Özel, "Ben KAAN uçtuğunda ilk tebrik edenlerden bir tanesiydim. Geçen sene 1 milyar dolar gelir kazandıran bir yer burası. Yıpratmak yerine varsa eksiklikleri ortadan kaldırmak gerekiyor. Bu tip kurumların silahlı kuvvetler ya da polis tarafından korunması gerekiyor. Bu kurum tek bir kampüs içindeki en büyük savunma sanayi. Bu konuda İçişleri Bakanlığı'nın ve Milli Savunma Bakanlığı'nın kendi değerlendirmelerini yapacağını düşünüyorum” ifadelerini kullandı.
“Yaşam Hakkı Mitingi” çağrısını tekrarladı
Özel, İstanbul Beşiktaş'taki 'Yaşam Hakkı Mitingi' için de çağrısını tekrarladı. Basın mensuplarının yeni çözüm süreci tartışmalarına ilişkin sorusuna da yanıt veren Özel, "Efendim Özgür Özel ülke vadetti.' Bir kelime sonra şunu söylüyorum. ‘Bu ülkeyi Türklerle birlikte Kürtlerin de 86 milyonun kendini ait hissettiği bir ülke yapalım. Size devleti tam olarak benim gibi sahiplenmeyi teklif ediyorum' demek toprak teklif etmek demek midir? Teklif ettiğimiz, Türkiye Cumhuriyeti devletini 86 milyon olarak sahiplenmek. Buna kim karşı çıkabilir? ‘Yok efendim Abdullah Öcalan'ın fikri'. O fikir Sayın Bahçeli'nin fikri. Biz dedik ki ‘Meclis odaklılık ve ne yapılacaksa Meclis karar verecek'. Sayın Bahçeli kendine özgü, çok tartışmalı bir şey söyledi. Ve bizim pozisyonumuz şu, çok net. ‘Biz şehit ailelerinin ve gazilerin de yüzüne bakamayacağımız hiçbir sürecin içinde olmayız' dedik. Bu çok net. Biz barışı destekliyoruz, silah bırakmayı destekliyoruz. Ama eğer Abdullah Öcalan‘ı buraya getirme fikrinin sahibi Sayın Bahçeli'dir. Ona sorulması lazım. Bizim öyle bir fikrimiz yok. Ama biz ‘Tüm aktörlerin sözü kıymetlidir' diyoruz. Öcalan konuşacak diye illa kullandığı, DEM'le ortak kullanıyorlar o kürsüye gelmek zorunda değil. Öcalan bulunduğu yerden, imkân verilir, o çağrısını yapar. Bu kadar basit bir meseleyi bir parti siyasi yankesicilik yapacak, Cumhuriyet Halk Partisi'ni yıpratacak diye bu algı oyunlarına kimse alet olmasın. Bizim duruşumuz, pozisyonumuz nettir.” diye konuştu.

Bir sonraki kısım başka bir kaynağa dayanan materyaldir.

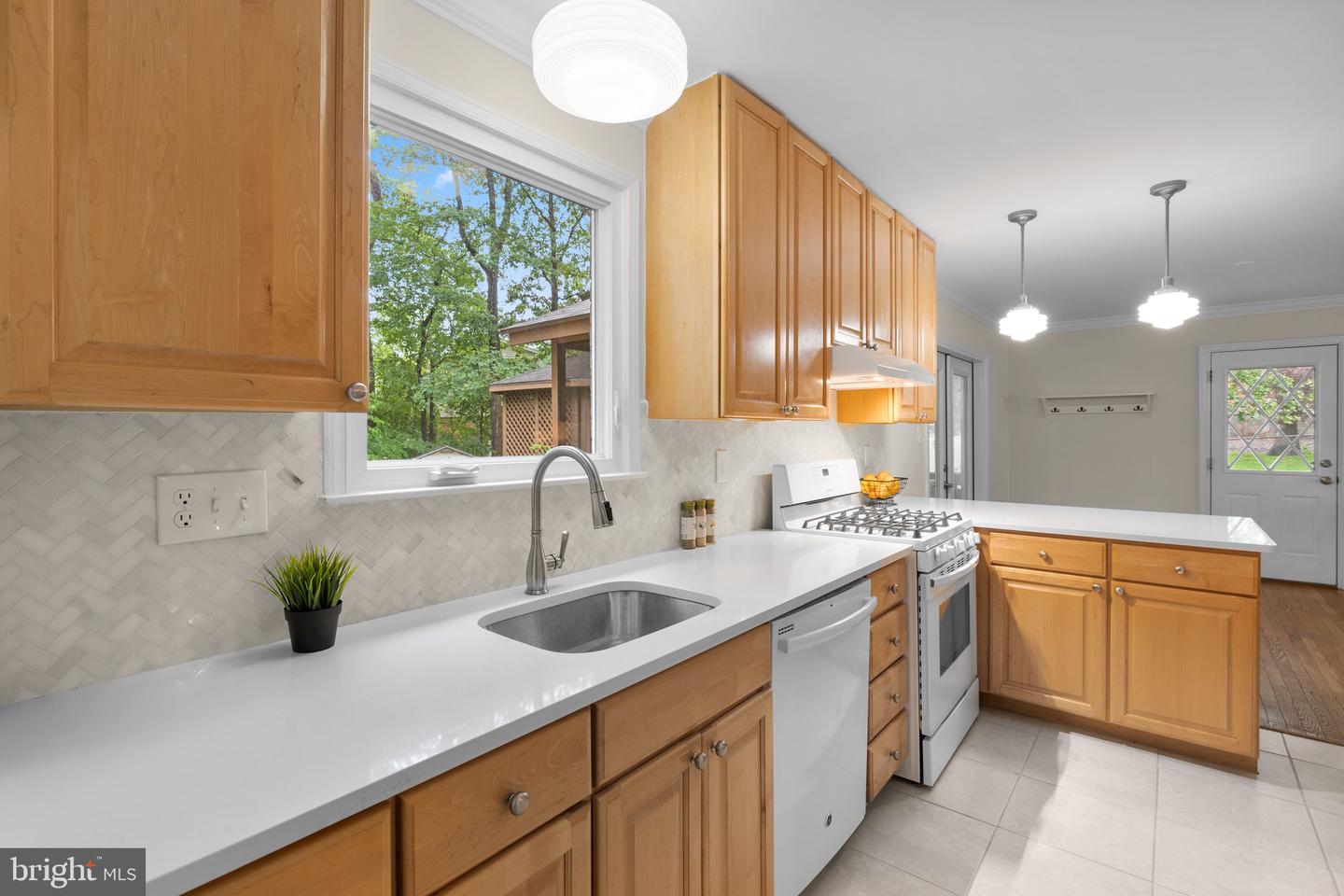 6929 CONSERVATION DR, SPRINGFIELD, Virginia 22153, 4 Bedrooms Bedrooms, ,2 BathroomsBathrooms,Residential,For sale,6929 CONSERVATION DR,VAFX2240446 MLS # VAFX2240446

“Ben Erdoğan yerine konuşamam”
Özel, “Bahçeli'nin çağrısı ile ilgili Cumhurbaşkanı'nın sessizliğini sürdürmesi” hakkındaki soruya ise şöyle yanıt verdi:
“Şöyle bir şey söyleyelim. Sorunun muhatabı ben değilim. Uçakta gazeteci yokmuş bu soruyu sormamışlar. Ama mutlaka gazeteciler bu soruyu soracaklar ve Erdoğan'dan bir yanıt alacaksınız. Ben o konudaki inancımı koruyorum. Yani dikkatle takip ettim haberi. Uçakta bu konuya değinmedi. Altını çizmişler hiçbir gazeteci bu soruyu sormadı. O gazetecilerin çocukları bir gün şöyle diyecekler: ‘Benim babam eskiden gazeteciydi ve rahmetli babam' -bir gün hepimiz öleceğiz- Çocuk da diyecek ki ‘Rahmetli babam, rahmetli annem gazeteci'. ‘Kimdi' deyince, ismini söylediğinde ‘O gazeteci değildi' derler böyle yapılırsa. O yüzden gazeteciler gazeteciliğini yapsın, siyasetçiler siyaseti yapsın. Onun dışında değerlendirme; halkımızın, milletimizin bizim merakımızı giderecek olan, herkesin merakını giderecek olan ben değilim. Ben Erdoğan yerine konuşamam. O merakın giderilmesine katkı sağlayacak olanlar sizlersiniz."